Then of course, there’s the issue of age bias. The older the entrepreneur, the more difficult the transition. Even though the Bureau of Labor Statistics reports that the average salaried employee works just 4.6 years for the same company, corporate interviewers often use a different metric for older workers. They expect longevity. When considering a slate of candidates, middle-aged workers are thought to be greater risks simply because they are closer to retirement age. This creates the possibility that the company may not get the best return on its investment, especially if those applicants have spent most of their careers as independent-minded entrepreneurs.[iv] Things are complicated further if the recruiter has spent their entire career in the corporate world. Corporate culture is dramatically different than small-business culture and it’s difficult for people to connect, to find common bonds, if they’ve never had any shared experiences. This creates a culture clash that can be almost impossible to overcome. Thirty-years ago, Manfred F.R. Kets de Vries wrote about this in Harvard Business Review:

“Entrepreneurs seem to be achievement oriented, like to take responsibility for decisions, and dislike repetitive, routine work. Creative entrepreneurs possess high levels of energy and great degrees of perseverance and imagination, which, combined with willingness to take moderate, calculated risks enable them to transform what often began as a very simple, ill-defined idea into something concrete. Entrepreneurs also can instill highly contagious enthusiasm in an organization. They convey a sense of purpose and, by doing so, convince others that they are where the action is.
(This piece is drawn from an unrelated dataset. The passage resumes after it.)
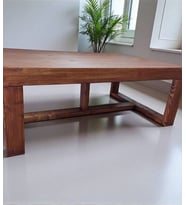 Ela Woodworking Watson Orta Sehpa 120X80 Fındık Kabuğu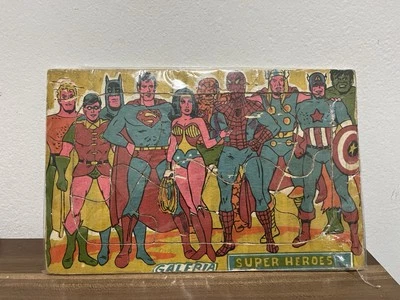 Super Heroes Puzzle Dc/Marvel Peru Vintage Very Rare 70s Batman/Superman/W.woman - Image 1 of 2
Whatever it is—seductiveness, gamesmanship, or charisma—entrepreneurs somehow know how to lead an organization and give it momentum. Along with their mystique, however, entrepreneurs can have personality quirks that make them hard people to work with. For example, their bias toward action, which makes them act rather thoughtlessly, sometimes can have dire consequences for the organization. Moreover, some entrepreneurs I have known have had great difficulty taking direction.”[v]

So, does this mean that once entrepreneurs operate a small business for ten or twenty years, they should probably just forget about working for someone else and keep plowing ahead until they drop dead? Is there a period after which being an entrepreneur basically makes you unemployable? The short answer is yes.